A year went by. My studio was opened, my baby was born, my school was started, my kitchen floor was replaced, life happened. Yesterday, I returned to the commercial docks, and asked Pete if I could paint his boat. Pete was there with his golden lab, doing this and that. I described how I had a model, an older man, and wanted to do a painting of a commercial boat captain, his hand on the wheel, returning from a day on the water. “Sure, Kev, you can have the keys to the cabin, whatever you need.”

A friend of mine, Tom, agreed to come and pose for the painting. Today, we went down to where the Kristina Marie is docked, and I set up my easel on the boat. I placed my five foot wide canvas on the easel, I readied all of my paints, sketched things out, and he set up.

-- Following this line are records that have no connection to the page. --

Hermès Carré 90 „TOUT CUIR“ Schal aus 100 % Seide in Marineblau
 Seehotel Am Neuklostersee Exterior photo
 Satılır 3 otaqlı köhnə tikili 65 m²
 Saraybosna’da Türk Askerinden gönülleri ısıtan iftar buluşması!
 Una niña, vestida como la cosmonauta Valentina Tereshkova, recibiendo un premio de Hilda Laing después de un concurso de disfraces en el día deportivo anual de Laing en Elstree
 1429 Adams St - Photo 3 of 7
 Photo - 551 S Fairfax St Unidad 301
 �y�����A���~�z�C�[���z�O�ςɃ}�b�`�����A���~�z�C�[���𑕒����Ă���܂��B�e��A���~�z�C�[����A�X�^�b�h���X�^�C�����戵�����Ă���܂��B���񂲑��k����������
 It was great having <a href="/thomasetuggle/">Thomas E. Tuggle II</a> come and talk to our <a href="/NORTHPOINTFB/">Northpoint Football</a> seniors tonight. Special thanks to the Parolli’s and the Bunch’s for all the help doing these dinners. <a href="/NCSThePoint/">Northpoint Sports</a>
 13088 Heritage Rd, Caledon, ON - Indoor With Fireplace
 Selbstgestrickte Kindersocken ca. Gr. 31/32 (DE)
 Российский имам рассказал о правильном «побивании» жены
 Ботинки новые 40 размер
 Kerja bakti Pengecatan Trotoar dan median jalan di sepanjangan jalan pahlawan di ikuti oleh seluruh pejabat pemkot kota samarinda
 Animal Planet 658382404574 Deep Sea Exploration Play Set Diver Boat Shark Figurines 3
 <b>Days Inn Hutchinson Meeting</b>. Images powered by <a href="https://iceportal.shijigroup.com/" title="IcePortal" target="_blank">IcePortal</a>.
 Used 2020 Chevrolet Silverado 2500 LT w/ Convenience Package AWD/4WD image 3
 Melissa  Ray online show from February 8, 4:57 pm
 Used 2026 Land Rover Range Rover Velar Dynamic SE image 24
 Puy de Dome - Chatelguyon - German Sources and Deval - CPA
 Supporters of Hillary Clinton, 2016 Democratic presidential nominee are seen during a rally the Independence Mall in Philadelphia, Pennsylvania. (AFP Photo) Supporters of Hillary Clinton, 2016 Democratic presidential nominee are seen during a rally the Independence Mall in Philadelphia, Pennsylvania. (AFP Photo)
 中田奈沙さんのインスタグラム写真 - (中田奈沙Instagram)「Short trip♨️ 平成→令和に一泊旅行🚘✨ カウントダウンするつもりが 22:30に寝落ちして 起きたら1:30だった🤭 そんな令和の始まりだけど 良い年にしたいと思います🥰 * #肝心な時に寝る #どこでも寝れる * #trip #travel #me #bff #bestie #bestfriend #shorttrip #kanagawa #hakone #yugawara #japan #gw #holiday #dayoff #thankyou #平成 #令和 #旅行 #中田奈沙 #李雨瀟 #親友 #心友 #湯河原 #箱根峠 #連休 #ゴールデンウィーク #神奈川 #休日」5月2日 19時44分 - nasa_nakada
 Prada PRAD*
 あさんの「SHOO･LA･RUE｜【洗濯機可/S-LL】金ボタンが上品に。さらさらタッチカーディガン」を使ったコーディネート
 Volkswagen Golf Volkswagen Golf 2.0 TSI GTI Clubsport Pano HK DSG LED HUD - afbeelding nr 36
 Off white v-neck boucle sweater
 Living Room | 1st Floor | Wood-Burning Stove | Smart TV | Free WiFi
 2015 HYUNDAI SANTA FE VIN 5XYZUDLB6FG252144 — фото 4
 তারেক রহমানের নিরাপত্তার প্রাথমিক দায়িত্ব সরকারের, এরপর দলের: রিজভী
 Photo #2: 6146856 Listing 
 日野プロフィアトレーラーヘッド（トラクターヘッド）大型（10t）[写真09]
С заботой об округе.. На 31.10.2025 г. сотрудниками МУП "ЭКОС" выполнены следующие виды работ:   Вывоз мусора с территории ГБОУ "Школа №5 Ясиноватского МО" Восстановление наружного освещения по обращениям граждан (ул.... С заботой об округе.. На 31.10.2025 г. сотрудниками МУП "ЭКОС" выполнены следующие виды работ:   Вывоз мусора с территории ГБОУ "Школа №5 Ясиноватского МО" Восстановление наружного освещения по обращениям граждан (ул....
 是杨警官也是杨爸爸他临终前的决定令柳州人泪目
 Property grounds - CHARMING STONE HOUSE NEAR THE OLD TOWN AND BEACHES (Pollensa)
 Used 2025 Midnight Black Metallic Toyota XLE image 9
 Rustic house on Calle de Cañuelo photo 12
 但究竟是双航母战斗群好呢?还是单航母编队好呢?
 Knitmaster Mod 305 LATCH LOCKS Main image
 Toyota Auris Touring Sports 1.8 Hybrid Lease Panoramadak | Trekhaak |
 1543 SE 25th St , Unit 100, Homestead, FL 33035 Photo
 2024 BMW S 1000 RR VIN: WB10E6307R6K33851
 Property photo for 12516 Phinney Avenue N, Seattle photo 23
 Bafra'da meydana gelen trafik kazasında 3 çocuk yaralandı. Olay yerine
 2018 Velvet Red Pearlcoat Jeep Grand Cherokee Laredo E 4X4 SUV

But, the weather was brutally cold, below thirty degrees, the wind chill even lower, and I realized that I’d better do some preliminary sketching in the studio.

Tom and I returned to my studio, and I just simply began a painting sketch of his face, on a small canvas. This composition is not necessarily going to be that of the finished painting. I just wanted to do something, involving light hitting his face. As I moved paint, dragged bristle brushes, feathered sable brushes, I realized something. I’ve learned a new way of painting, lately. I’ve been painting so much, these past weeks, and I’ve suddenly stepped into a new way of loading paint onto the canvas. I discovered how to manipulate lead white paint by mixing it with marble dust, and trowel it on to get the effect of light that I’ve always been looking for. I saw Rembrandt do that in a painting at the Pitti Palace in Florence, only I never knew how he did it until today. I don’t know if it is evident to the onlooker, but when I brought home this three hour sketch to Margaret, she was so astonished by the new way I learned to apply paint. She said it glowed.

So, it was a cold but wonderful day.